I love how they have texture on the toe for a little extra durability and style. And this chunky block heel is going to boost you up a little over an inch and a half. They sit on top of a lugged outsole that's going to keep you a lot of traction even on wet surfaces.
...
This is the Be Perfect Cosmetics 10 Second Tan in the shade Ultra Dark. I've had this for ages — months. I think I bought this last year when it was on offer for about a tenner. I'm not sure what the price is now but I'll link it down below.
...
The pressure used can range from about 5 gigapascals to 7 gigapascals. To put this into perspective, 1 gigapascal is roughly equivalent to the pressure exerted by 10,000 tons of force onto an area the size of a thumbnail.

# [Problem statement]
In the material above, how many lines hold the word "about"? Say only the number.

# [Exercise answer]
2